A recent paper takes a look on a long-term behaviour of momentum portfolios. Related to all equity momentum strategies, mainly to:

#14 – Momentum Effect in Stocks

Authors: Ali, Daniel, Hirshleifer

Title: One Brief Shining Moment(um): Past Momentum Performance and Momentum Reversals

Link: https://papers.ssrn.com/sol3/papers.cfm?abstract_id=2956493

Abstract:

Motivated by behavioral theories, we test whether recent past performance of the momentum strategy (Past Momentum Performance–PMP) negatively predicts the performance of stale momentum portfolios. Following periods of top-quintile PMP, momentum portfolios exhibit strong reversals 2-5 years after formation, whereas, following periods of bottom-quintile PMP, stale momentum portfolios earn positive returns. The difference in cumulative five-year Fama-French alphas for momentum portfolios formed in high- and low-PMP months is 40%. A value-weighted trading strategy based on this effect generates an alpha of 0.40% per month (t = 3.74). These patterns are confirmed in international data. These findings present a puzzle for existing theories of momentum.

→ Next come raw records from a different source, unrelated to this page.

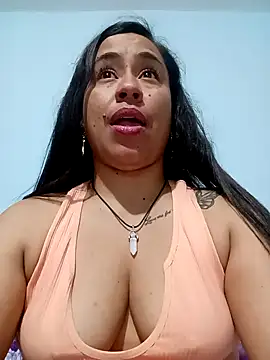 kamila_lovee webcam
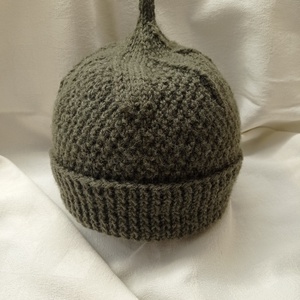 Oliva zöld , tiszta gyapjú kötött  sapka - ruha & divat - sál, sapka, kendő - sapka - Meska.hu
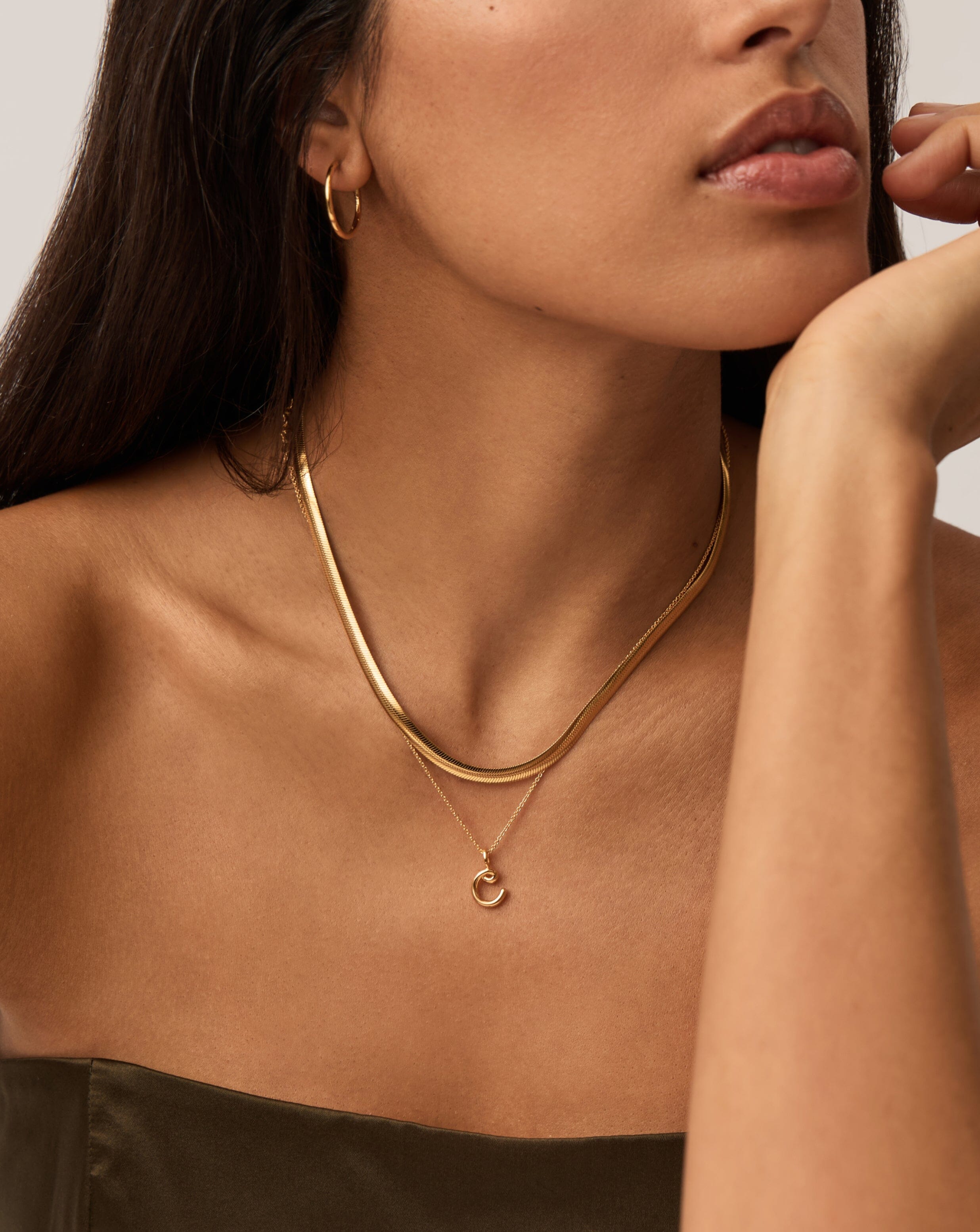 Curly Molten Mini Initial Necklace - C |18k Gold Vermeil Necklaces Missoma 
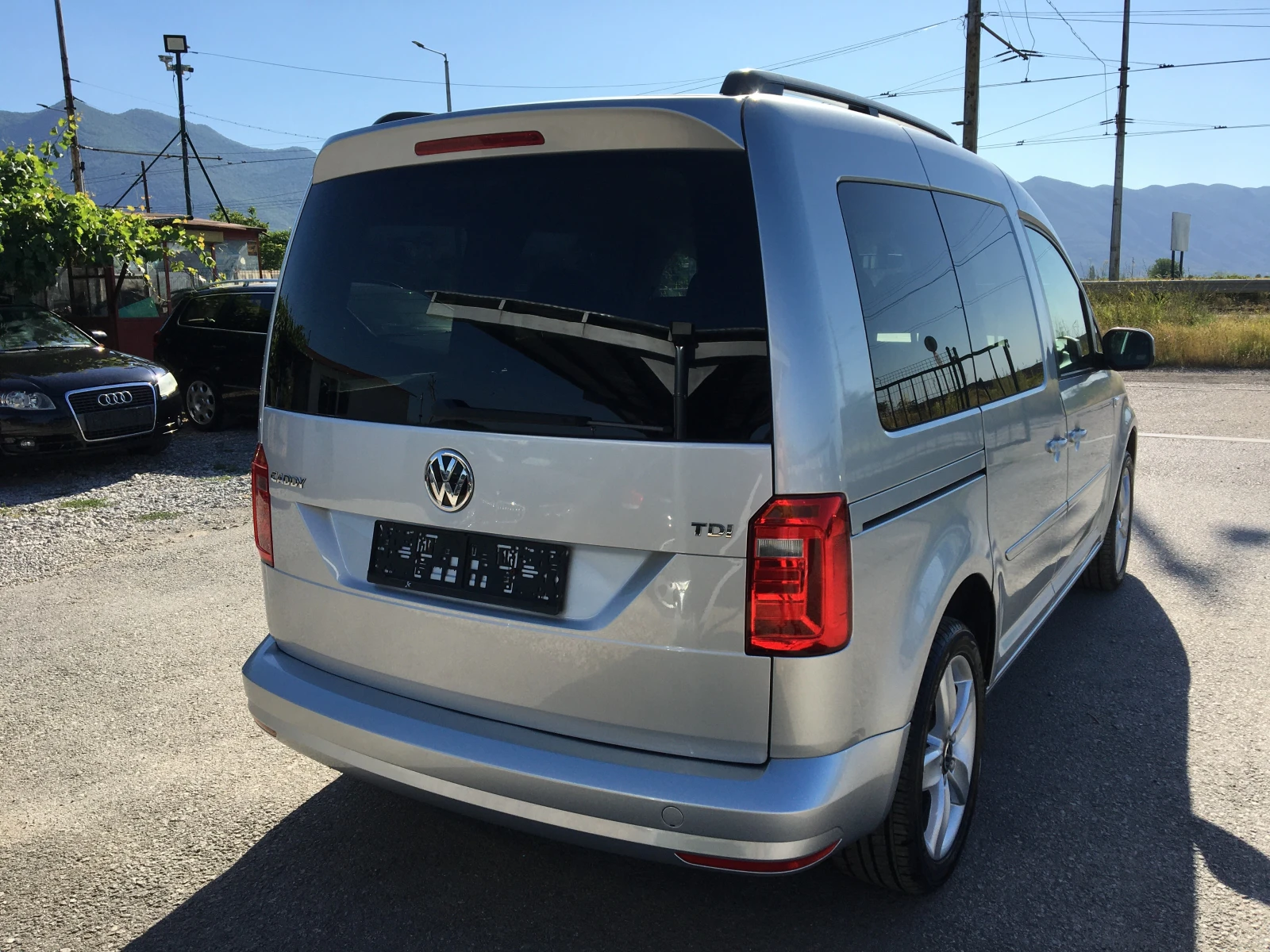 VW Caddy 2.0TDI 102kc NAVI - изображение 5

Notable quotations from the academic research paper:

"A set of studies propose behavioral hypotheses to explain the momentum anomaly. An implication of some of these models is that the momentum phenomenon is a result of delayed overreaction to certain information shocks. This implies that a sufficiently `stale' momentum portfolio, where `stale' refers to a momentum portfolio formed at a lag of twelve months or more, will on average earn negative abnormal returns.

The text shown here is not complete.